A oto pełna treść oświadczenia wydanego przez profesora Jacka Rońdę po opublikowaniu decyzji władz AGH oraz uczelnianej Komisji Etyki:

W związku z podejmowanymi wobec mnie w ostatnim czasie przez władze Akademii Górniczo-Hutniczej w Krakowie działaniami, a także wobec towarzyszących temu doniesień medialnych, niniejszym oświadczam:

Do dnia dzisiejszego żaden uprawniony organ nie przedstawił mi w prawem przewidzianej formie jakichkolwiek zarzutów.

Nie otrzymałem żadnego pisma JM Rektora, Komisji Etyki, czy Rzecznika Dyscyplinarnego, w którym sformułowane byłyby pod moim adresem zarzuty o popełnienie konkretnych czynów, podczas gdy przekazy medialne - za rzecznikiem prasowym AGH - pełne są tego rodzaju informacji.

Z nieukrywanym zdumieniem przyjmuję fakt, iż bez mojej wiedzy, poza moimi plecami, władze mojej uczelni przykładają rękę do medialnego linczu, którego stałem się ofiarą.

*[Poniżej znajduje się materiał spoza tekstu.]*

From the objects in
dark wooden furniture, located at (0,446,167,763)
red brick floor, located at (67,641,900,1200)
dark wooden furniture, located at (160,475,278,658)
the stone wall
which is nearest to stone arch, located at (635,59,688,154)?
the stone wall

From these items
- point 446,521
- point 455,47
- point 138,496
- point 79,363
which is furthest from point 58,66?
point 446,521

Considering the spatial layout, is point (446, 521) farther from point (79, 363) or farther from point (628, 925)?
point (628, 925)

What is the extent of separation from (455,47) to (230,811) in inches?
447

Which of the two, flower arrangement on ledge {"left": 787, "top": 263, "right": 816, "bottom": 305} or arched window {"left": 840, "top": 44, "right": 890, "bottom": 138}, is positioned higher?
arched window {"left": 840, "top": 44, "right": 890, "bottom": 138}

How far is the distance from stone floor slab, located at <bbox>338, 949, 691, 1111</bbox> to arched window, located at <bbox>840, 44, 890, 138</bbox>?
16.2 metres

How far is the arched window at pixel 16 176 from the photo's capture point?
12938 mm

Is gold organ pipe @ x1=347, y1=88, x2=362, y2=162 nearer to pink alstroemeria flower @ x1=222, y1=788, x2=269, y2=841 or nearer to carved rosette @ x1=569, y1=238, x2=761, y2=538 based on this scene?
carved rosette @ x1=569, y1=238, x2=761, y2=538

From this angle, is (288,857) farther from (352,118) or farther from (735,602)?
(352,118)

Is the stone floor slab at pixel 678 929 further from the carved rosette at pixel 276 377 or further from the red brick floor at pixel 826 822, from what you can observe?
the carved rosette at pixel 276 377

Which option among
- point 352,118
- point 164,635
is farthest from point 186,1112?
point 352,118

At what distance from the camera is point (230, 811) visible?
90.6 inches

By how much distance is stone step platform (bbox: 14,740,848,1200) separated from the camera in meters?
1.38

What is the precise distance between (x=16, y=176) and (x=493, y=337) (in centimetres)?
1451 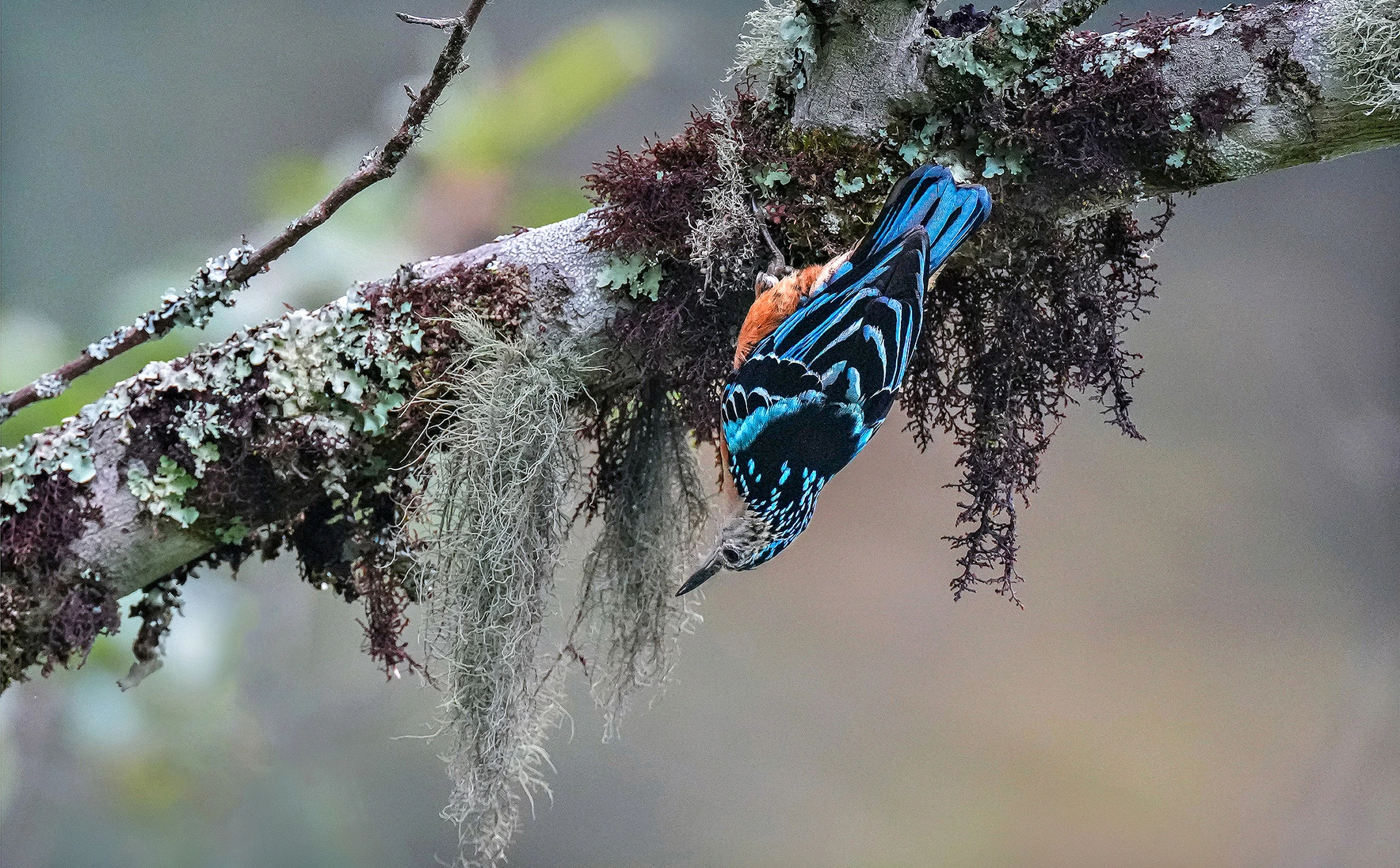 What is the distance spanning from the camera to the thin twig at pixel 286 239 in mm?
1078

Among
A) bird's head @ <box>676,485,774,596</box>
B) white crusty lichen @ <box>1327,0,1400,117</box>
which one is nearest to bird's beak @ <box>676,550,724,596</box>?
bird's head @ <box>676,485,774,596</box>

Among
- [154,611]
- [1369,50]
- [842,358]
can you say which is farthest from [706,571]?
[1369,50]

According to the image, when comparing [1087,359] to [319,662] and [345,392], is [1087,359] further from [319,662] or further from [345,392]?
→ [319,662]

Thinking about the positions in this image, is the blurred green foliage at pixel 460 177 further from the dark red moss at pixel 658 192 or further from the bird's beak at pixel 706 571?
the bird's beak at pixel 706 571

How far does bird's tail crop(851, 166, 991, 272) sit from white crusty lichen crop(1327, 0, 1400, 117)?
0.42 m

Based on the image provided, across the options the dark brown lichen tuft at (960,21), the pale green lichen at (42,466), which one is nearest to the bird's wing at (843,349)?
the dark brown lichen tuft at (960,21)

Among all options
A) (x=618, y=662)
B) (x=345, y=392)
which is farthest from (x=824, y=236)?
(x=618, y=662)

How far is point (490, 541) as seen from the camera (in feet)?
4.43

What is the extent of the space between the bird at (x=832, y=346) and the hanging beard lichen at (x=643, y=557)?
226 mm

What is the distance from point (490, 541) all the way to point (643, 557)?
0.31 metres

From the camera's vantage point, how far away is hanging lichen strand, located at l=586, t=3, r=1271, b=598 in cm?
124

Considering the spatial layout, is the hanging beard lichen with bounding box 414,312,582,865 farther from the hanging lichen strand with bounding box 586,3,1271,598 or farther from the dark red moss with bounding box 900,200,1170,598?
the dark red moss with bounding box 900,200,1170,598

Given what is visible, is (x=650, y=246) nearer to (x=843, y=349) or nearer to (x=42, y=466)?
(x=843, y=349)

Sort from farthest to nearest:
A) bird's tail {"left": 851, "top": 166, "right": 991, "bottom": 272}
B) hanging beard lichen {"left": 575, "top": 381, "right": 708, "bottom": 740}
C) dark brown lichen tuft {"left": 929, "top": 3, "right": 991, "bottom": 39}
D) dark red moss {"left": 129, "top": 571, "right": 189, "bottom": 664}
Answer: hanging beard lichen {"left": 575, "top": 381, "right": 708, "bottom": 740} < dark red moss {"left": 129, "top": 571, "right": 189, "bottom": 664} < dark brown lichen tuft {"left": 929, "top": 3, "right": 991, "bottom": 39} < bird's tail {"left": 851, "top": 166, "right": 991, "bottom": 272} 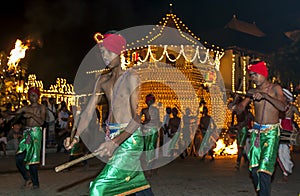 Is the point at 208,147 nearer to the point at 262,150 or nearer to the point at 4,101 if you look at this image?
the point at 4,101

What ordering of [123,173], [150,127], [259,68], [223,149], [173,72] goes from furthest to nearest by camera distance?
[173,72], [223,149], [150,127], [259,68], [123,173]

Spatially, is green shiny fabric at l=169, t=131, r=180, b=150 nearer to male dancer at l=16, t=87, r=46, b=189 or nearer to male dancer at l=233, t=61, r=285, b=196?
male dancer at l=16, t=87, r=46, b=189

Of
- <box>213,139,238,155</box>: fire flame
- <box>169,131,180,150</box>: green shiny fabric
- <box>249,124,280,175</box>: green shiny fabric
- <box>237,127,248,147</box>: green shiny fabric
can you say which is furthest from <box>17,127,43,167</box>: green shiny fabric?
<box>213,139,238,155</box>: fire flame

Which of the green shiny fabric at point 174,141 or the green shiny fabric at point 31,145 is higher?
the green shiny fabric at point 31,145

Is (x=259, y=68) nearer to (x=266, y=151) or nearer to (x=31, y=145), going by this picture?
(x=266, y=151)

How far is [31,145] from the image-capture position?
25.3 feet

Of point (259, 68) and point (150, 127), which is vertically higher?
point (259, 68)

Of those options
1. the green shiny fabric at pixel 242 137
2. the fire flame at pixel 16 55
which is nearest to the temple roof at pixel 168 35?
the fire flame at pixel 16 55

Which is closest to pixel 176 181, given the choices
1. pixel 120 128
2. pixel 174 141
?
pixel 120 128

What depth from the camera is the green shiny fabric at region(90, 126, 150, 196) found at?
399 centimetres

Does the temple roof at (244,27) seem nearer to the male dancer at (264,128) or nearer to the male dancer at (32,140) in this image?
the male dancer at (32,140)

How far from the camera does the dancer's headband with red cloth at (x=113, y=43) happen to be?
4.25 meters

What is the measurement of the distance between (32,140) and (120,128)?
3825mm

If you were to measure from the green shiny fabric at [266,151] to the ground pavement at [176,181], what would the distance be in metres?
1.61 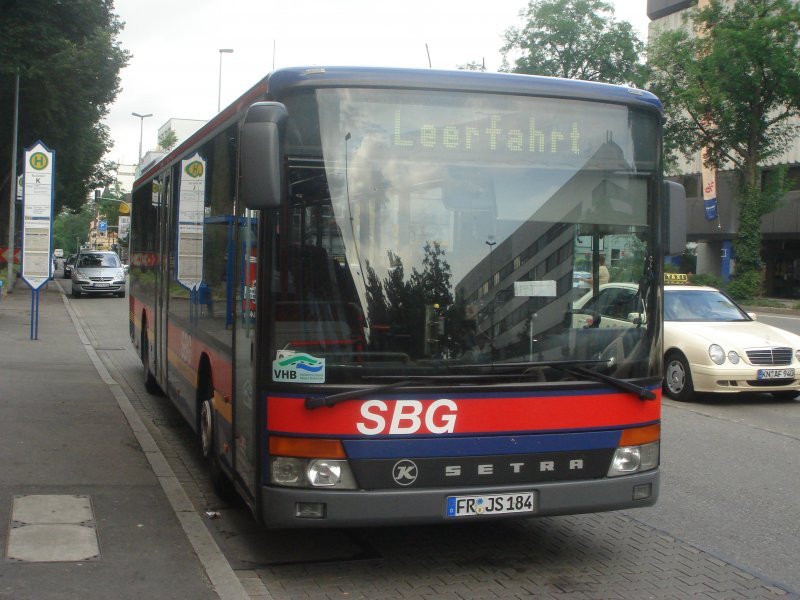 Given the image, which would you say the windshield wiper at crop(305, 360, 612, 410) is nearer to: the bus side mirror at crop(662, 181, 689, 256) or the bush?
the bus side mirror at crop(662, 181, 689, 256)

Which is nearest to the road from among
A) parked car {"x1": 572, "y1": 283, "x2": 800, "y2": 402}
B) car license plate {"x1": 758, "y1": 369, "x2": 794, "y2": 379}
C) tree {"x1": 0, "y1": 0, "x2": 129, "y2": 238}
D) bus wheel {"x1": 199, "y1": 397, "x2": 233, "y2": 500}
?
bus wheel {"x1": 199, "y1": 397, "x2": 233, "y2": 500}

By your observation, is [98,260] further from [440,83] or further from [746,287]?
[440,83]

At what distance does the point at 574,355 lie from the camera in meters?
5.31

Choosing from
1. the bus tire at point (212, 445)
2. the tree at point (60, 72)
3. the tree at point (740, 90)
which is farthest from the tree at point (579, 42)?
the bus tire at point (212, 445)

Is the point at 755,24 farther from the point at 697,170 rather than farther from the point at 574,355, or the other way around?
the point at 574,355

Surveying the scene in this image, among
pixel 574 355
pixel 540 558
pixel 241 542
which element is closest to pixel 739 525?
pixel 540 558

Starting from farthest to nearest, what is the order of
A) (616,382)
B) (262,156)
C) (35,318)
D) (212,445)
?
(35,318) < (212,445) < (616,382) < (262,156)

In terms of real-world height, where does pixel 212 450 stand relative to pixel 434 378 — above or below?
below

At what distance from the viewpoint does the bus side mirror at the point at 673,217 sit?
5656 mm

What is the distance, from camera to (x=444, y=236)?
512 centimetres

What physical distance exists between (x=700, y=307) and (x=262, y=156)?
10170mm

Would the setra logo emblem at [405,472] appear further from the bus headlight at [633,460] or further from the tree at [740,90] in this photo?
the tree at [740,90]

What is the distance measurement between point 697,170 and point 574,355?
53257 mm

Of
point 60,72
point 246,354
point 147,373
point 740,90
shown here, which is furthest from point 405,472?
point 740,90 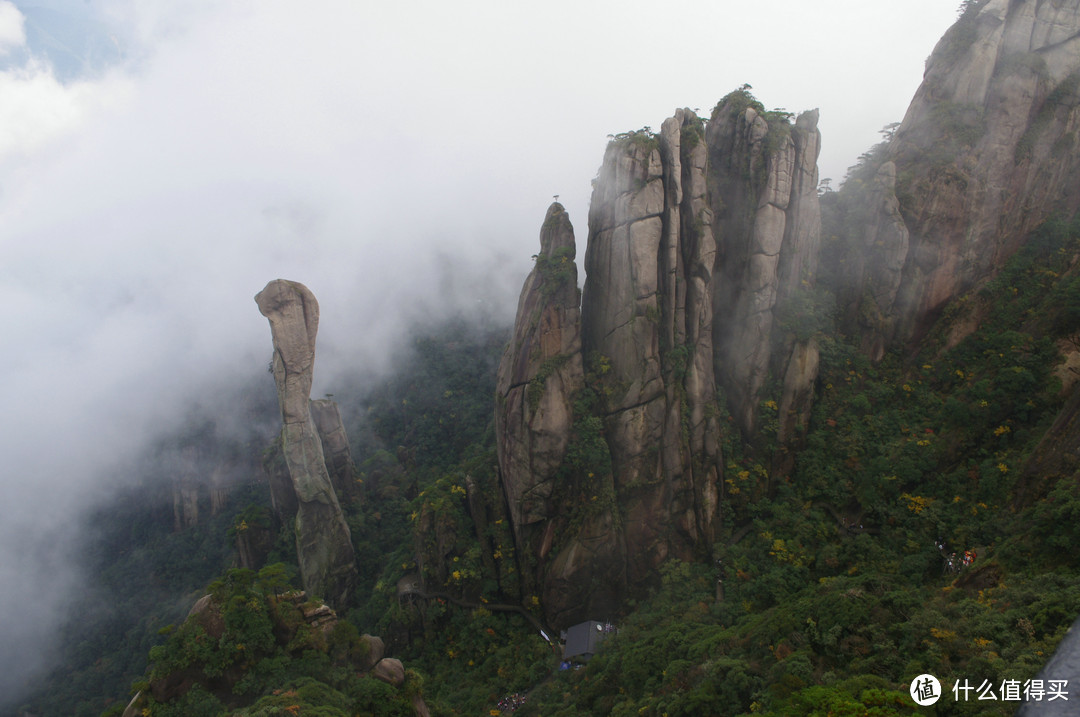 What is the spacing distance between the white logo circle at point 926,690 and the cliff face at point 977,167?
22.8 metres

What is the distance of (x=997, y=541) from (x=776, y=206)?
725 inches

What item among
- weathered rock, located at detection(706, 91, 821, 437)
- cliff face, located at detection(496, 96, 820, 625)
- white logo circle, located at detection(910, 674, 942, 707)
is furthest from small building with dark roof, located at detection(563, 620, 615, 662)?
white logo circle, located at detection(910, 674, 942, 707)

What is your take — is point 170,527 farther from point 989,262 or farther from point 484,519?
point 989,262

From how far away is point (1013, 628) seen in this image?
1336cm

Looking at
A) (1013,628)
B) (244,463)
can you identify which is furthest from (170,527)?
(1013,628)

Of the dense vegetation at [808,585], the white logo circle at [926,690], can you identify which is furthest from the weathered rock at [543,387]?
the white logo circle at [926,690]

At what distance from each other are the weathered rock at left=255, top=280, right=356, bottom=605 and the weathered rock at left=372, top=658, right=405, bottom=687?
15123 mm

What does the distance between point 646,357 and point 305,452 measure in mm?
23183

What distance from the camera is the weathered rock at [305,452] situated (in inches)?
1325

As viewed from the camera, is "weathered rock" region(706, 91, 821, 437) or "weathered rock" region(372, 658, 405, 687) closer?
"weathered rock" region(372, 658, 405, 687)

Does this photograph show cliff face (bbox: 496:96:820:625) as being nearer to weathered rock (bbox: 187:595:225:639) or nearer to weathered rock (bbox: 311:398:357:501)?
weathered rock (bbox: 187:595:225:639)

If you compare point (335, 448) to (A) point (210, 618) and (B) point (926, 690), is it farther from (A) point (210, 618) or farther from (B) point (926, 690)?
(B) point (926, 690)

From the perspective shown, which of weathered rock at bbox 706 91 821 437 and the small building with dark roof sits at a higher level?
weathered rock at bbox 706 91 821 437

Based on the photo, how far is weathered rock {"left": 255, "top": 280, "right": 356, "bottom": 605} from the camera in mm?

Normy prawa, ale również elementarnej przyzwoitości obowiązujące w cywilizowanych krajach, wymagają, aby to sam zainteresowany, a nie prasa był pierwszą osobą, której prezentuje się stawiane zarzuty.

 

Nie mogę oprzeć się wrażeniu, że stałem się przedmiotem procesu właściwego raczej czasom minionym, którego charakter jest jednoznacznie inkwizycyjny.

 

Wobec takich działań władz mojej uczelni, podjąłem trudną lecz konieczną w tych okolicznościach decyzję o podjęciu kroków zmierzających do ochrony i egzekwowania moich praw na drodze sądowej.